The Holy See’s Press Office has expressed amazement at how Pope Benedict XVI’s meeting with the mayor of Rome and other regional government officials yesterday is being used for political gain.
As he does every year, the Pontiff offered his insights on how the lives of Romans and those living in the Italian region of Lazio can be improved. However, these remarks were reported in the press as a “thorough dressing down” of the governing officials.
Political rivals of those currently in office seized on the Pope’s comments as an opportunity to gain political capital.
The Pope's warning is "right, though poverty and degradation don't only affect Rome, but all Italian cities" said Minister of Social Solidarity, Paolo Ferrero, who appreciates the fact that every now and then "people make the invisible visible". Ferrero sees only one solution: "Increase social expenses for housing and a minimum starting income", according to AGI News.

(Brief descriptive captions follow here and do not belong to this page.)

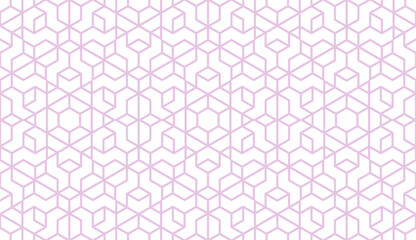 The geometric pattern with lines. Seamless vector background. White and pink texture. Graphic modern pattern. Simple lattice graphic design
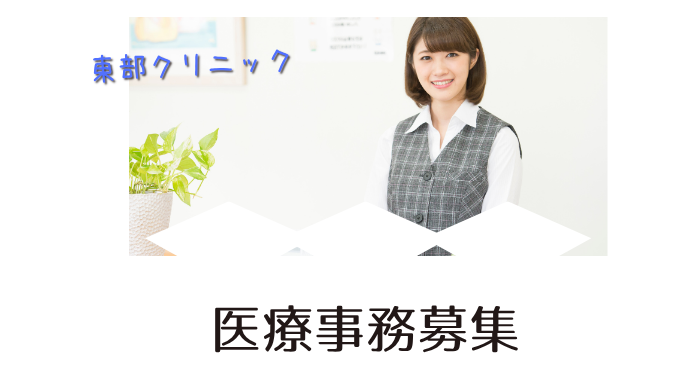 東部クリニック 医療事務の求人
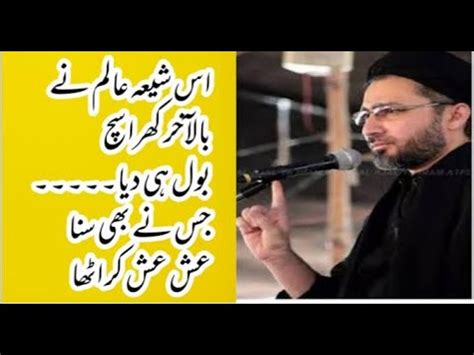 Shia Alim Telling Naked Truth Shia Alim Ka Bayan YouTube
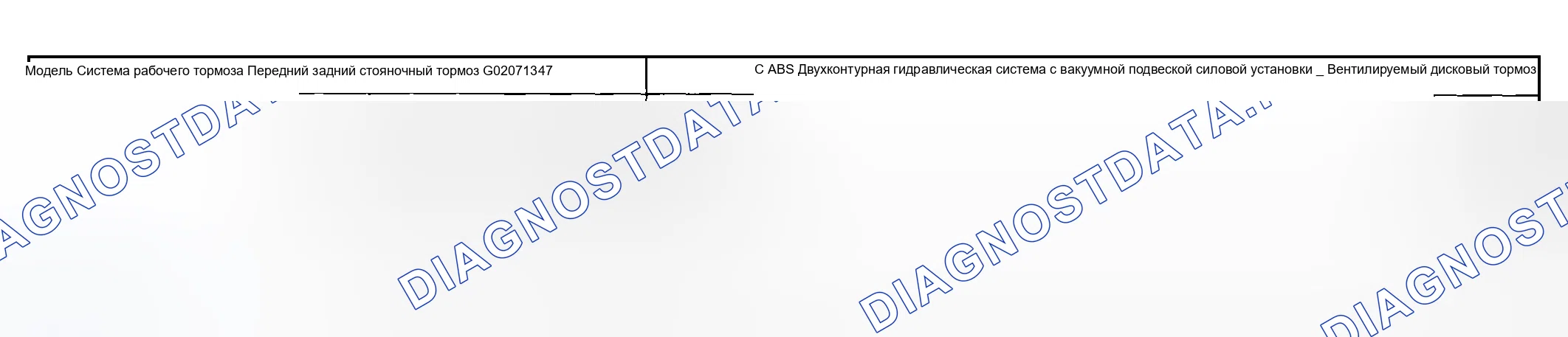 Рис. 17: ТОРМОЗ. Hyundai Creta II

The Vatican’s press office responded to these and other remarks by saying, "The political manipulation that has followed the words addressed by the Holy Father yesterday to representatives from the Region of Lazio, and the Province and City of Rome cannot but provoke amazement. It was certainly not the Pope's intention to undervalue the social work being carried out with praiseworthy dedication by the leaders of the City of Rome and of the Region.”
Rome’s mayor, Walter Veltroni, thanked Pope Benedict for this explanation saying, "I would like to express my gratitude to the Holy Father for the words spoken this morning, which represent a recognition of the work and the great commitment over these years of the Council's administration, of other local institutions and of all those social services that have contributed to the growth of the city, to improving its quality of life without losing sight of the needs of its more vulnerable and less privileged citizens".
Veltroni added that his fellow politicians should view the Pope’s speech as “a further spur to our work” and that “Today the controversy caused by loathsome and instrumental political reactions to the Pope's speech can be laid to rest".